Throw in a good understanding of government, PR, business and the internet and I reckon having Crikey on the board of WA News would be a good thing. Let’s hope enough of the institutions agree.

Westfield Holdings

This one is likely to be the most explosive of the AGMs when the board and shareholders meet in Sydney on November 9 at 10am.

The Lowy family are notorious manipulators of what people think and say and my experience in nominating for the Westfield Holdings board has borne this out.

My platform was very specific. As a unitholder in Westfield Trust, I am calling for Westfield Holdings to have an independent board from Westfield Trust. At the moment there is no-one in there batting for unitholders in the Trust and the Lowys have all of their money tied up in Holdings. Is it any wonder then that the $4 billion worth of development contracts that currently flow between the two include very tidy profit margins of about 30 per cent. That’s pretty easy when you write your own contracts like Frank and his friends do. I want some independent directors appointed to the board of Westfield Trust and wonder what on earth the institutions who own the trust have been doing for all these years.

But don’t expect to read about this in the notice of meeting. Nope, Frank and his manipulators reduced my platform to a couple of lines about being an internet journalist who once won a Walkley Award.

Obviously I’ve got no chance of winning because the Lowys will vote their 30 per cent against me. And the shareholders in Holdings should vote against me because I’m actually arguing for a transfer of value from Holdings back to Trust.

Because the law does not require Trust to have an annual meeting, there is no forum to mount this argument in. The law is an ass in this regard and maybe it is time unitholders in Westfield Trust petitioned their own meeting to work through these issues.

Afterall, shares in Holdings have increased about 25 fold since 1990 yet Trust units have barely doubled. And guess where Dad has got all his money? Yep, in Holdings.


This meeting in late November should be very positive given the rocketing Woolies share price. It is certainly not an obvious company to target but chairman John Dahlsen has a couple of interesting issues to work through. Firstly, as a director of the ANZ bank, he’s in a pretty interesting position as Woolies hurtles down the path of its supermarket banking joint venture with Woolworths.

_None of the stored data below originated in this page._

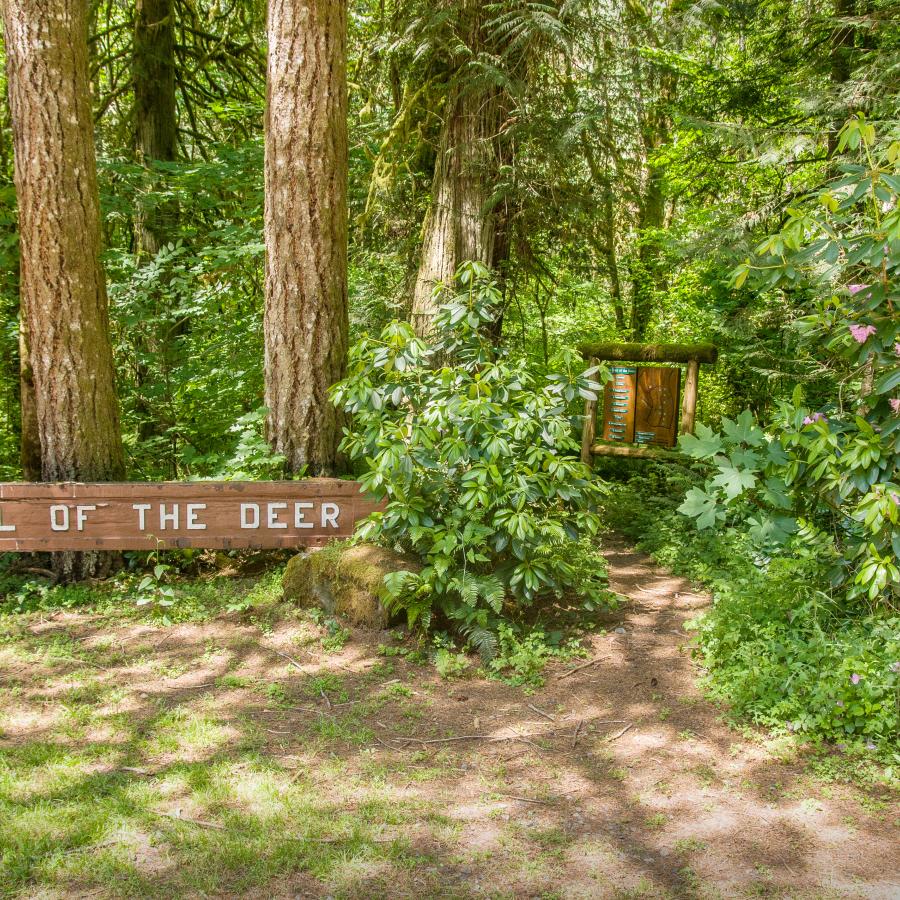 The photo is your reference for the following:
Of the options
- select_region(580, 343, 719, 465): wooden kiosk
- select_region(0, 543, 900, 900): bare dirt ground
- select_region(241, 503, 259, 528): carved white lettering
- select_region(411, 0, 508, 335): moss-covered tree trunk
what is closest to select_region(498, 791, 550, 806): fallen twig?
select_region(0, 543, 900, 900): bare dirt ground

Secondly, Dahlsen’s family owns a chain of hardware stores in regional Victoria which compete against Woolies but the chairman reckons paint is the only major product that overlaps and the company needs some directors with retail experience.

Dahlsen rang the other day to discuss these issues and I did not mention my third concern which is the pivotal role he played for Jeff Kennett in trying to neuter former Victorian auditor-general Ches Baragwanath. Dahslen was the man who went hardest after Ches and it begs the question of what sort of accountability mechanisms he supports within Woolworths.


Unless we have a crack at another bank in December, this will be the last of our board tilts. The platform is twofold and identical to the Commonwealth Bank. We want NRMA to cease paying John Laws under their outrageous cash for comment deal and we want them to become a more activist fund manager. Interestingly, the board decided that our neutrally worded cash for comment paragraph for the notice of meeting was “defamatory” and therefore not run. What garbage. We’re up against Nick Whitlam who isn’t the most popular of chairmen so it will be interesting to see how we go.